Records from a collection
******
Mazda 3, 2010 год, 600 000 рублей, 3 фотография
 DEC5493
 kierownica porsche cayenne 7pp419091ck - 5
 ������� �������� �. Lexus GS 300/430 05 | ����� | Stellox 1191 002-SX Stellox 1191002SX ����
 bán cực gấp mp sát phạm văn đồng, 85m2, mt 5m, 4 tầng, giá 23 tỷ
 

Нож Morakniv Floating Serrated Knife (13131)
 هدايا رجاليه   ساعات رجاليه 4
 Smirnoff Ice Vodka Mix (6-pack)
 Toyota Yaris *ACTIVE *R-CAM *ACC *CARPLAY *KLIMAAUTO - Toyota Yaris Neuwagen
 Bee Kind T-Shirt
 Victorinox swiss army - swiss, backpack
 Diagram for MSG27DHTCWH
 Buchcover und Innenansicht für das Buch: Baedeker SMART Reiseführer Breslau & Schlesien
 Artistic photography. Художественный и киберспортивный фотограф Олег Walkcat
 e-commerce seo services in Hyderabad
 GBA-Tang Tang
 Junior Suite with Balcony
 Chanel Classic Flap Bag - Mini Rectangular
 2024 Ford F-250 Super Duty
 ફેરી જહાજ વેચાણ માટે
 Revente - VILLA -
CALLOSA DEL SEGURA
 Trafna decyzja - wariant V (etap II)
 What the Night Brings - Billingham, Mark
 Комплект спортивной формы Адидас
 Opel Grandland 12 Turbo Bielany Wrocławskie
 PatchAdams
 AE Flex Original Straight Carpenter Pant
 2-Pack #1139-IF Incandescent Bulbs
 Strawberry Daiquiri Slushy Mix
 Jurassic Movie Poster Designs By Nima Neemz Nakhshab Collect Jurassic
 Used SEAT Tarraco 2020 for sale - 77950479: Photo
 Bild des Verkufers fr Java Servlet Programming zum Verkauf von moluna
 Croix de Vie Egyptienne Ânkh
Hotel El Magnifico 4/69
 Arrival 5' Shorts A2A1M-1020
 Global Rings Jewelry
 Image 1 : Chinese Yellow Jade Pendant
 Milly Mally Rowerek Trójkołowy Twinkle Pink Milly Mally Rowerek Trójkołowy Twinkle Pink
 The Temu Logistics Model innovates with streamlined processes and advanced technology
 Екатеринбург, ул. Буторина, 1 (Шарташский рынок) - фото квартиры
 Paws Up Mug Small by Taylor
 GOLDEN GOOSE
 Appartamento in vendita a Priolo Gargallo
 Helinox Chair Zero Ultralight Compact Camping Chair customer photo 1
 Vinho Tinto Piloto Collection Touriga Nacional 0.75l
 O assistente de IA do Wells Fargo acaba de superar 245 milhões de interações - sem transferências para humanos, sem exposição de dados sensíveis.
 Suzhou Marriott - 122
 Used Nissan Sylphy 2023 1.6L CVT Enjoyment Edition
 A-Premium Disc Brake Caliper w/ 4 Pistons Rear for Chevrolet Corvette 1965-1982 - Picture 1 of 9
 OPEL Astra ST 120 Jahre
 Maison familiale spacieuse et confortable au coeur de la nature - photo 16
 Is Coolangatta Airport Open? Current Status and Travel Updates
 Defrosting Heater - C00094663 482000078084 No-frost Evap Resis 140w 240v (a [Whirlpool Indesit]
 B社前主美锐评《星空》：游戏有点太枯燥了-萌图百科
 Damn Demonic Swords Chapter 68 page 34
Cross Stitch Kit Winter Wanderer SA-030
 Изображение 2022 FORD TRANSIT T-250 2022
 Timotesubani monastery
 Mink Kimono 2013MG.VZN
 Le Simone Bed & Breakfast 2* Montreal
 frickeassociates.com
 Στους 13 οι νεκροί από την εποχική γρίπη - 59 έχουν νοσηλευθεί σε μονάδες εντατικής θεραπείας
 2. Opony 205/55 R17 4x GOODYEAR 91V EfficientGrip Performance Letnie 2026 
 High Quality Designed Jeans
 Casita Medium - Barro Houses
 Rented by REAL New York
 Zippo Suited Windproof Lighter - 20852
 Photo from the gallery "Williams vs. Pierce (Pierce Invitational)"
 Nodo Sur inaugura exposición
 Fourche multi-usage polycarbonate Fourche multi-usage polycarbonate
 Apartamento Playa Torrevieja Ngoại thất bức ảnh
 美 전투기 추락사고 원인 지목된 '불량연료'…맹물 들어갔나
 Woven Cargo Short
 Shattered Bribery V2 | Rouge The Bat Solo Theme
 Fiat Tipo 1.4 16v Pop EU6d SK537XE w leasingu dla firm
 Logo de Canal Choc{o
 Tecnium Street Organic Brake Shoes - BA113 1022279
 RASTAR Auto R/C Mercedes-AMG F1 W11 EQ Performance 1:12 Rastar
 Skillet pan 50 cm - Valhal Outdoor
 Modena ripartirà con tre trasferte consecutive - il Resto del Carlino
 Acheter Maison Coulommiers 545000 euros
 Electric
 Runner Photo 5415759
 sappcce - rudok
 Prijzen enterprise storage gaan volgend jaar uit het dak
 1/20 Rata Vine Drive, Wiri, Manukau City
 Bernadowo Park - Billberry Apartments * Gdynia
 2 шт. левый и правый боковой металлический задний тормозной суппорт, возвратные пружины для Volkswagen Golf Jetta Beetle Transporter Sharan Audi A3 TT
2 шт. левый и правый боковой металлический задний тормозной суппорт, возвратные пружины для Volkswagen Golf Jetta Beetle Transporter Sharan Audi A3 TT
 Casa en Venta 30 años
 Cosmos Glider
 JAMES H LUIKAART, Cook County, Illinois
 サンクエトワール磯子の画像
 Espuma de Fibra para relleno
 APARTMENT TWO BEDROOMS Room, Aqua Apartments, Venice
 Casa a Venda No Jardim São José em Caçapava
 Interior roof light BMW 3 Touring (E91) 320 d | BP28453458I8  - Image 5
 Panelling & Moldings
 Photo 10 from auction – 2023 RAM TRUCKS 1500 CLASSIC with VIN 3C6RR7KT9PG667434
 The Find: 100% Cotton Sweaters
******
PROBLEM TO SOLVE. From the first line of the data above through the line containing "Image 1 : Chinese Yellow Jade Pendant", repeat each line exactly, and add nothing.

SOLUTION FOR THIS EXERCISE.
Mazda 3, 2010 год, 600 000 рублей, 3 фотография
 DEC5493
 kierownica porsche cayenne 7pp419091ck - 5
 ������� �������� �. Lexus GS 300/430 05 | ����� | Stellox 1191 002-SX Stellox 1191002SX ����
 bán cực gấp mp sát phạm văn đồng, 85m2, mt 5m, 4 tầng, giá 23 tỷ
 

Нож Morakniv Floating Serrated Knife (13131)
 هدايا رجاليه   ساعات رجاليه 4
 Smirnoff Ice Vodka Mix (6-pack)
 Toyota Yaris *ACTIVE *R-CAM *ACC *CARPLAY *KLIMAAUTO - Toyota Yaris Neuwagen
 Bee Kind T-Shirt
 Victorinox swiss army - swiss, backpack
 Diagram for MSG27DHTCWH
 Buchcover und Innenansicht für das Buch: Baedeker SMART Reiseführer Breslau & Schlesien
 Artistic photography. Художественный и киберспортивный фотограф Олег Walkcat
 e-commerce seo services in Hyderabad
 GBA-Tang Tang
 Junior Suite with Balcony
 Chanel Classic Flap Bag - Mini Rectangular
 2024 Ford F-250 Super Duty
 ફેરી જહાજ વેચાણ માટે
 Revente - VILLA -
CALLOSA DEL SEGURA
 Trafna decyzja - wariant V (etap II)
 What the Night Brings - Billingham, Mark
 Комплект спортивной формы Адидас
 Opel Grandland 12 Turbo Bielany Wrocławskie
 PatchAdams
 AE Flex Original Straight Carpenter Pant
 2-Pack #1139-IF Incandescent Bulbs
 Strawberry Daiquiri Slushy Mix
 Jurassic Movie Poster Designs By Nima Neemz Nakhshab Collect Jurassic
 Used SEAT Tarraco 2020 for sale - 77950479: Photo
 Bild des Verkufers fr Java Servlet Programming zum Verkauf von moluna
 Croix de Vie Egyptienne Ânkh
Hotel El Magnifico 4/69
 Arrival 5' Shorts A2A1M-1020
 Global Rings Jewelry
 Image 1 : Chinese Yellow Jade Pendant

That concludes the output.